Indeed, the very next heavy rains will likely trigger one of the coolest and most ancient natural phenomenon that still takes place in east central Illinois, the annual congregation of amphibians in the waters where they breed.

The participants in this aquatic love fest, which starts out in water cold enough to send people into shock, include frogs and toads, but to me the most interesting are the salamanders, especially the eight species known collectively as mole salamanders. In Champaign county this group is represented by two kinds: the smallmouth salamander, a black, or very dark brown creature with gray markings on its sides that give it a marbled appearance, and the eastern tiger salamander, which may grow to be a foot long, and which sports yellow spots that stretch out to cover more and more of its body as it ages.

You may or may not have been aware of it, but the eastern tiger salamander was elected by schoolchildren to be the official state amphibian of Illinois in a 2004 contest sponsored by Lieutenant Governor Pat Quinn.

As their group name suggests, mole salamanders spend most of the year beneath rotting logs or underground. There they move about in natural gaps, and the tunnels and burrows created by small mammals, feeding on a variety of invertebrates including earthworms, slugs, and insects.

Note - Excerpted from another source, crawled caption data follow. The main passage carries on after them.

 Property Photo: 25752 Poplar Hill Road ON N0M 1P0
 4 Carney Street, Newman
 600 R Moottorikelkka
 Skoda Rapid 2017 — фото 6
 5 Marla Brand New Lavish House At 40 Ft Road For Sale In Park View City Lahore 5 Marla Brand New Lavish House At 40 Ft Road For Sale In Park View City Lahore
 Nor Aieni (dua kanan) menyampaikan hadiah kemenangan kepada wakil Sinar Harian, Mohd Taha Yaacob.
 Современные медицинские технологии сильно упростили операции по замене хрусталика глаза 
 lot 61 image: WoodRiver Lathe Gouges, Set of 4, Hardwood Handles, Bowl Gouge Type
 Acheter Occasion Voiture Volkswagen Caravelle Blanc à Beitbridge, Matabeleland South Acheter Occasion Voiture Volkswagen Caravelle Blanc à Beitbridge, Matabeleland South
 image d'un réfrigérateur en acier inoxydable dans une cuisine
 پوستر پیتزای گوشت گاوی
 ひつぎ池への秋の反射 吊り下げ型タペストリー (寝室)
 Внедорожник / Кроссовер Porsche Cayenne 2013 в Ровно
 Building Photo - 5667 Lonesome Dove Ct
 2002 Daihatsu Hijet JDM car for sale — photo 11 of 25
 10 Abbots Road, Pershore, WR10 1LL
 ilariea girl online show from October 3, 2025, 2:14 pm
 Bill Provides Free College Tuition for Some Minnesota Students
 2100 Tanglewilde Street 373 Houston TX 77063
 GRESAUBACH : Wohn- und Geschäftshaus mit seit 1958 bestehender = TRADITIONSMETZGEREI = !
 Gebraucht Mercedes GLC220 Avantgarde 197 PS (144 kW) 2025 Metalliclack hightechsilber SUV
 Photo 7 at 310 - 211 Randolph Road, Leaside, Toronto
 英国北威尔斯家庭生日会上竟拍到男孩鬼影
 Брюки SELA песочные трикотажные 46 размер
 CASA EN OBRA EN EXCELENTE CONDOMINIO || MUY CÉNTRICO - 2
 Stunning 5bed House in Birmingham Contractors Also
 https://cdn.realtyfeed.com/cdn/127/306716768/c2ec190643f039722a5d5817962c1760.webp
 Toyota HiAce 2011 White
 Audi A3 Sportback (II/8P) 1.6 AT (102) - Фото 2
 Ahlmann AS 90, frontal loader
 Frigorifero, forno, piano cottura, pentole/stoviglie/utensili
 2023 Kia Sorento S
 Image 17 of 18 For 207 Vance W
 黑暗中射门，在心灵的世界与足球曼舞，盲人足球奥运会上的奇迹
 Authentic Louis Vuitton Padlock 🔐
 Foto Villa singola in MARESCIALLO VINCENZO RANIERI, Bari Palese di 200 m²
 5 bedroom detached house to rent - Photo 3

Beginning sometime in February, however, as the earth thaws and the ice recedes, rainy nights bring mole salamanders above ground, and they trundle overland seeking out the vernal pools where they were born. These are wetlands that hold water far enough into the summer for amphibian larvae to mature, but which dry up at some point in most years so that fish cannot survive in them.

If you were to shine a light into such a pool on a spring night--somewhere in a wooded area with a stream nearby--you’d be amazed at how many salamanders you can see, and surprised at how gracefully they swim.

During the day, you may see salamander eggs, held together in a mass with a jelly-like substance, and attached to twigs or other underwater structure. The larvae will hatch in four to seven weeks, and live in the pool until autumn, when they metamorphose and move onto land.

But maybe this is looking too far ahead. After all, those first spring rains haven’t arrived just yet.